How the light moves

Many years ago, when I was a budding 3D artist, I had the privilege of working with a prestigious architectural firm. They had designed Heathrow’s Terminal 5, and would go on to work on projects like the Etihad Arena, St Pancras International, and the UAE Pavilion at Expo 2020.

The firm had produced drawings for a university natural sciences campus, and were at the point where they needed sign-off from the client. This is where the 3D artist comes in: translating arcane technical drawings into a simple virtual walkthrough.

Keen to impress, I worked late most nights as the deadline approached, covering every angle I could. The layout of chairs and tables in the cafeteria, the desk configuration, the finishes on the range of surfaces. It was a thing of some impressive complexity, with as much realism as I was capable of producing.

A week or so out from the presentation, I had the chance to show the rendered video to my contact at the firm.
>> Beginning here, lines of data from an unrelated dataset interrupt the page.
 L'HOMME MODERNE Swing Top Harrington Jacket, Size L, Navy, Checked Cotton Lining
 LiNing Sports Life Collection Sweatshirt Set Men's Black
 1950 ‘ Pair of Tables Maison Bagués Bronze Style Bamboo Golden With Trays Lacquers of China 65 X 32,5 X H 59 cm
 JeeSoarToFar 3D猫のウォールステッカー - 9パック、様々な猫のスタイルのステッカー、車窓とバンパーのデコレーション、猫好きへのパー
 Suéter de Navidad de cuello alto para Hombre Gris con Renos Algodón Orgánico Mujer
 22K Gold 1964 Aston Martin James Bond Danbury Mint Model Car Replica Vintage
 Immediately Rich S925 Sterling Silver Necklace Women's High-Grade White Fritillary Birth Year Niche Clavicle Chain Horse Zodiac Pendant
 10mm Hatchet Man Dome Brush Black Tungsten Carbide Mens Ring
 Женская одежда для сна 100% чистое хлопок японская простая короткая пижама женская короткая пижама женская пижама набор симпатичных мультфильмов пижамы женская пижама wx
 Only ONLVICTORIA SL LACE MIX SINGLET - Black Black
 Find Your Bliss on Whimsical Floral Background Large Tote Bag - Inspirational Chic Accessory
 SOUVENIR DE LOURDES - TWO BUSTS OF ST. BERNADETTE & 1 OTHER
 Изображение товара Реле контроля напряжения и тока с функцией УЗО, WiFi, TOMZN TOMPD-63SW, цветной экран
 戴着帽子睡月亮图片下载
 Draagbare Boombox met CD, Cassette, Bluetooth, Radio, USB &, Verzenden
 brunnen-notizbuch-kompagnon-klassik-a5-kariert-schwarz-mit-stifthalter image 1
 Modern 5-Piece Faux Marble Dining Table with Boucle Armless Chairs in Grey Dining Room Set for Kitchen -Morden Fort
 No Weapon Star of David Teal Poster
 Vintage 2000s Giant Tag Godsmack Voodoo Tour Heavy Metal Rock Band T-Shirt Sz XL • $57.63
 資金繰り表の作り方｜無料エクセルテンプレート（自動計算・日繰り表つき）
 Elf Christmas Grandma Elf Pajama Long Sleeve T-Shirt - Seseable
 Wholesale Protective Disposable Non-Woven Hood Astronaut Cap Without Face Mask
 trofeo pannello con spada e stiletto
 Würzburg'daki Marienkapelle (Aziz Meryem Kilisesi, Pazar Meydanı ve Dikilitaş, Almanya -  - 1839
I was excited. This was probably the 1000th such visualisation he’d seen.

The video ended. He offered a well assembled compliment-sandwich:

  • “I like what you’ve done. You’ve reproduced the drawings well, and the animation does a good job of exploring the campus. Thumbs up.”
  • “All of the detail; the wood finishes, the chrome, the paint, the furniture colours, the ornamentation; has to go.”
  • “The only thing that matters is how the light moves. How it enters through the windows and bounces around the space. I can see some of that. Well done.”

It was difficult to hide my disappointment. Days of work would have to be stripped back to bare bones. Why?

Wasn’t the point of this exercise that the client get the most accurate idea of what the finished space would look like?

No, he explained, it wasn’t. The architect designs the building. Nothing more, nothing less. Unnecessary detail was a distraction from the art: making use of space and light.

There was intentional divergence between expectations and execution. The client wanted to see realism. They weren’t going to get it.

A week later I delivered the final animation to him, which had been transformed.

Absent all unnecessary visual clutter, the intention was much clearer. The purpose behind the placement of windows, skylights, glass panels, and the walls themselves, all made sense. Like a solved puzzle, mapped with beams of light. Instead of accuracy, they were offered precision.

It sailed through approval. No comments, no concerns, no changes.

It was a powerful lesson in translating concepts between mediums, formats or people, and it has stuck with me ever since.

  • Be precise about the value. Understand that your audience may not always recognise it as clearly as you do.
  • Focus. Be ruthless in eliminating anything outside of that purpose.

This applies pretty much everywhere. From how you present products to how you build them. Pitch decks, devleopment roadmaps, investor updates…

When challenged, our natural response is often to go broader. To expand until we find what hits the mark. More examples in an argument, more products in a portfolio, more detail in a proposition. This approach rarely addresses the reason for the challenge.

You will always feel the urge to make something a bit prettier, add more detail, or extend your offering. It rarely helps.